Mayor Bill de Blasio and Governor Andrew Cuomo have reached an agreement in the long-fought battle over the Metropolitan Transportation Authority’s Capital Plan.

The governor has pledged $8.3 billion towards the plan’s proposed $26 billion budget, with the mayor contributing another $2.5 billion. MTA Chairman Tom Pendergast initially pushed for a $32 billion allotment.

The move comes at a time when the New York City subway system faces enormous debts and crumbling infrastructure. The subway system has long gone out of date, relying largely on technology over 50 years old, and some 83% of subway stations require significant repair. With the MTA facing $20 billion in debt, much-needed improvements have gone unrealized for years.

As part of the negotiations, the mayor has insisted that the MTA consult his representatives on projects, which has always been the case. In addition, the agreement bars the state government from raiding MTA funds, as outlined in a 2011 law.

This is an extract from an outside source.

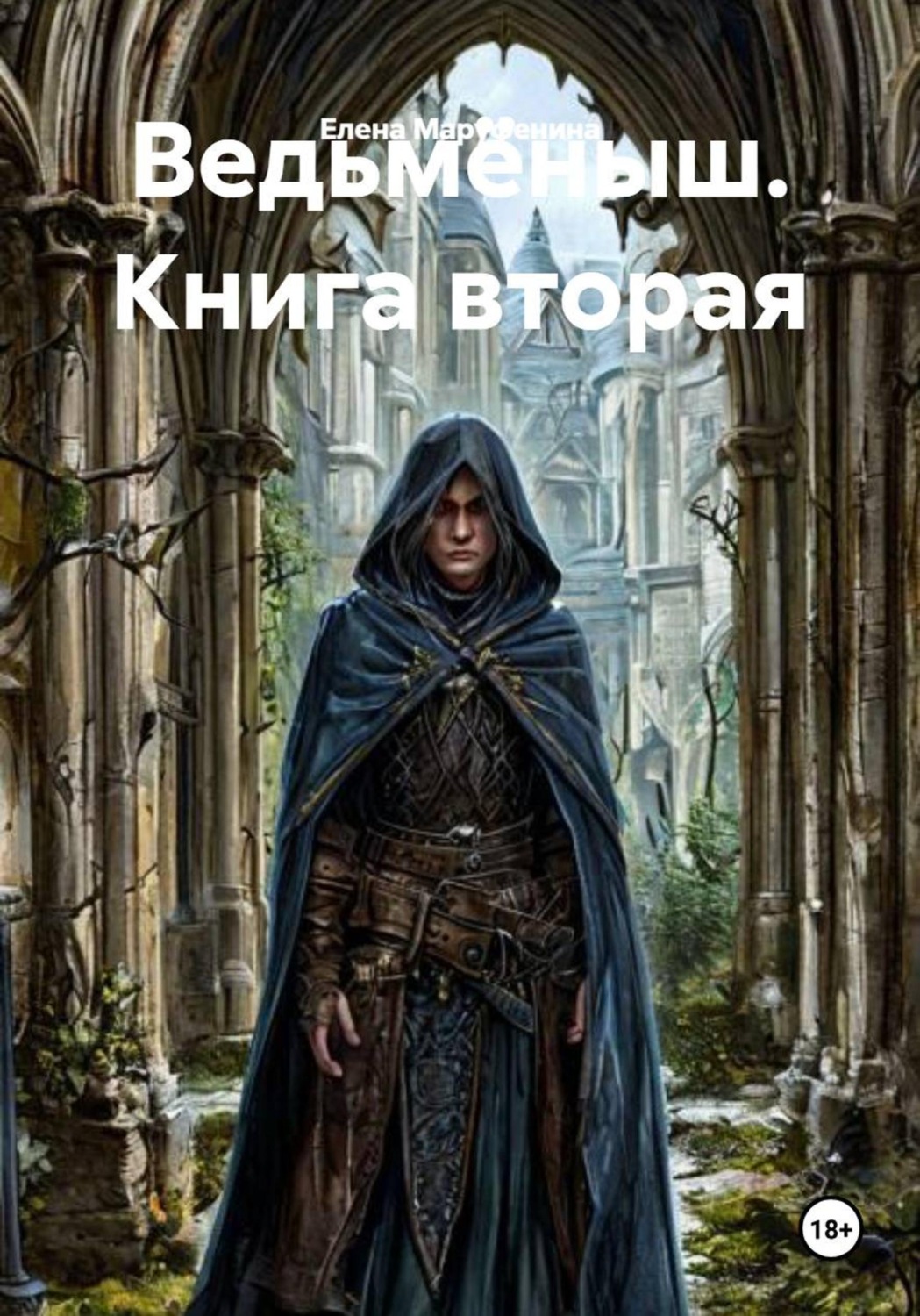 Обложка книги «Ведьмёныш. Книга вторая»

The 2015-2019 Capital Plan will be submitted to the MTA board at the end of the month. Should it receive approval from both the MTA and a state review board, it will soon go into effect, ushering in a number of much-needed improvements. Previous Capital Plans have gone underfunded in accordance with inflation.

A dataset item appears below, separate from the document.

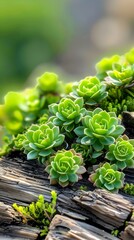 Canvas Print - Succulent Plants on a Wooden Background.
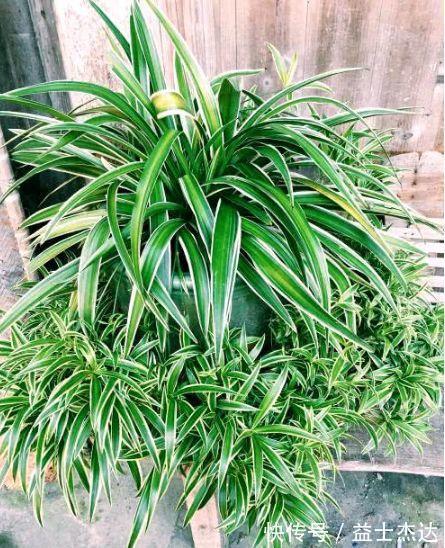 4种花爱开花，阳台养几盆，一次开放100朵，开花“红又旺”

Most of the upgrades will go unnoticed by commuters, but carry major benefits. New tracks, signals and switches will bring the weathered utility into the 21st century, preventing delays and speeding up the march toward a “state of good repair.” Positive Train Control safety systems will help to avoid incidents like the 2013 Metro-North Crash, which killed four commuters. Other initiatives will work to connect the east Bronx to Penn Station, continue progress on the Second Avenue Subway, and replace the MetroCard with fare collection technology that could allow people to pay with a credit card or their smartphone.

Theplan has met some criticisms from NY Senate Majority Leader John Flanagan, who argued that the plan did not go far enough given its price tag. According to Flanagan, any proposal should include improvements to upstate transportation as well. Flanagan has proposed a “pay-as-you-go system,” arguing that the current plan will accumulate too much debt. His Chamber of Assembly will have to sign off on the plan.

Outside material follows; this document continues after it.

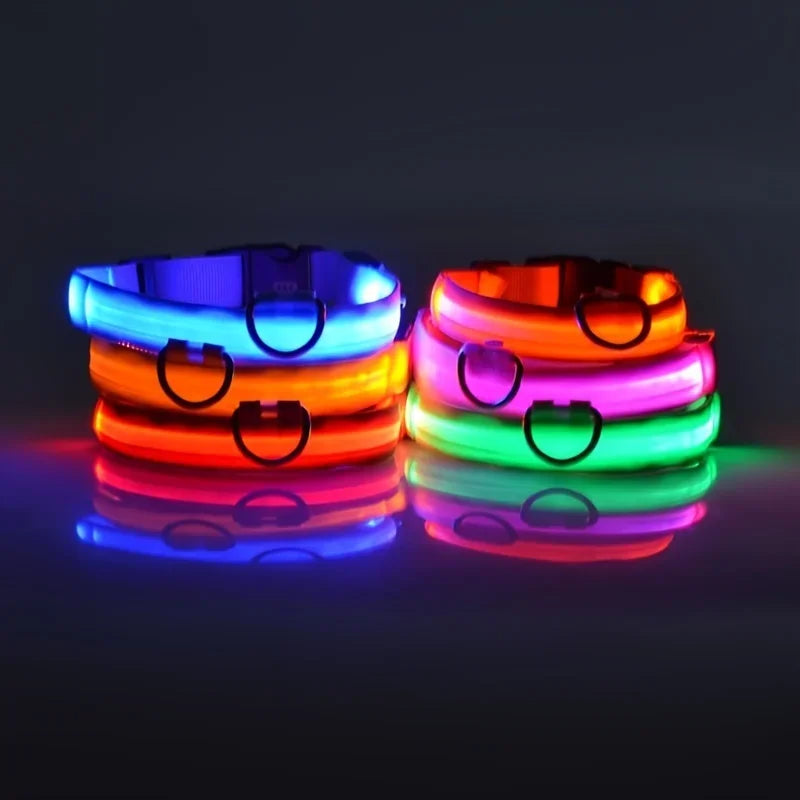 Fluorescent LED Dog Collar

The plan did earn significant praise from transit and rider advocacy groups, though many experts echoed Flanagan’s concerns making the point that the devil is in the details and most of them are still to be determined. It’s great that we’re back on a path toward a fully funded MTA Capital Plan for the next five years but in the coming months, we must work out how the state will pay for it. NYLCV strongly urges continued conversations on creative revenue streams that do not burden riders or require the state to take on additional debt.